Prove that there is a linear map $T:V\to V$ such that $\text{ker}(T) = U$?

Question

Let $V$ be a vector space and $U \subseteq V$ a sub-space of V.
How can I prove that there is a linear map $T:V\to V$ such that $\text{ker}(T) = U$?
(Please suggest answers; not hints.)

Attempt
I tried $T_1(v) = 0$ for $v\in U$ and $T_1(v) = w$ for $v\not\in U$ and a chosen $w\in V$ yet $w\not\in U$. But this isn't necessarily a linear map since $u, v \in U$ yet it might be that $u + v \not\in U$. And I got stuck.

Answer 1

We make use of the following theorem ("extending a map by linearity"):

Let $V$, $W$ be vector spaces.

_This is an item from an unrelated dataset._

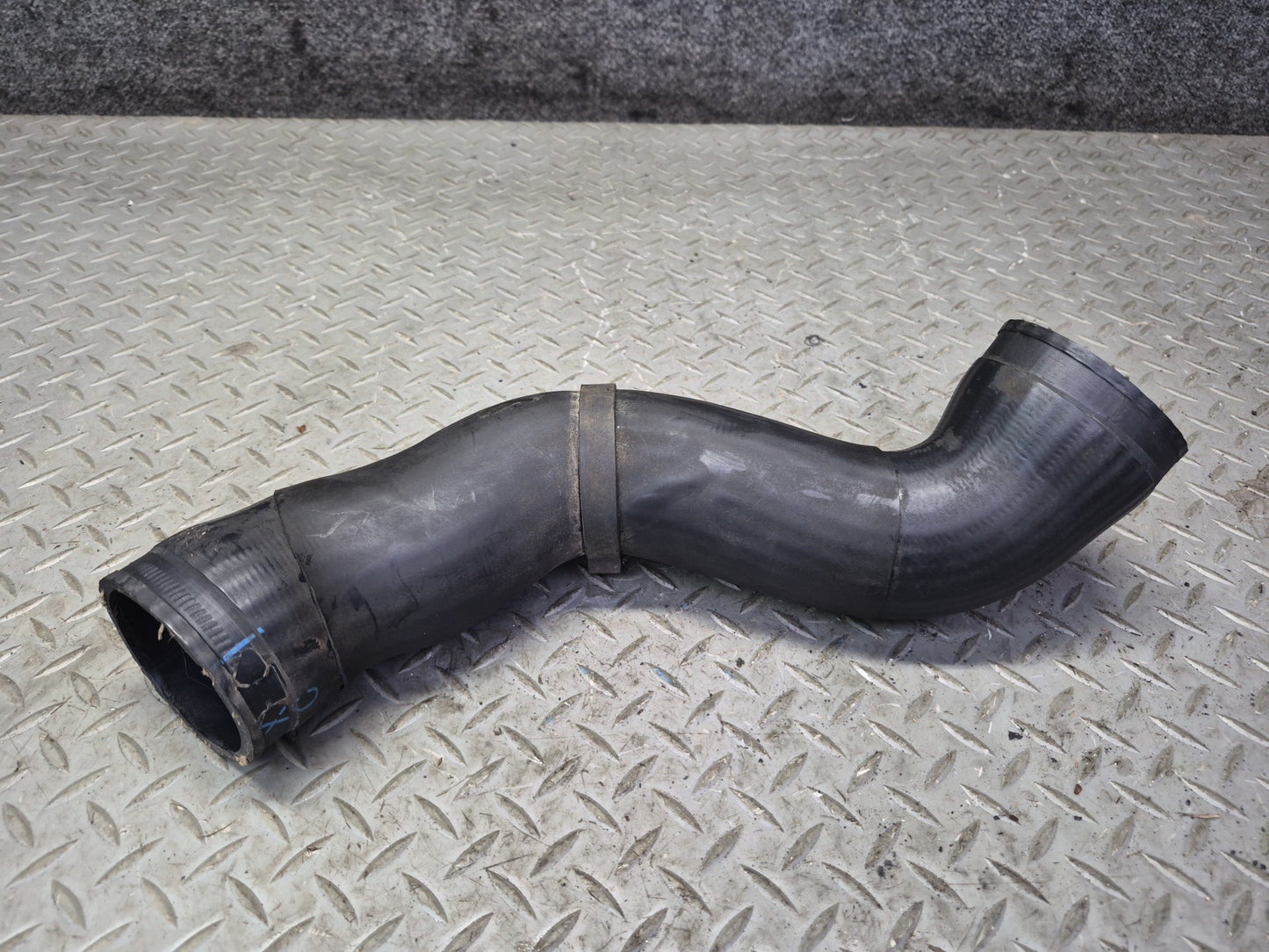 03-10 Bentley Continental GT Left Intercooler Hose Pipe Line 3W0145838F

Let $\beta$ be a basis of $V$. For any map $f:\beta\to W$, there exists a unique linear map $T:V\to W$ such that $T(x)=f(x)$ for any $x\in\beta$.

Then we can simply choose a basis $\alpha$ for $U$ and extend it to a basis $\beta$ of $V$. Choose $f:\beta\to V$ such that $f(x)=0$ for all $x\in \alpha$ and $f(x)=x$ for all $x\in \beta\setminus\alpha$. Then there exists linear map $T:V\to V$ such that $T(U)=\{0\}$. The fact that $\text{ker}(T)\le U$ can be proved easily by noticing that $\beta\setminus\alpha$ is linearly independent.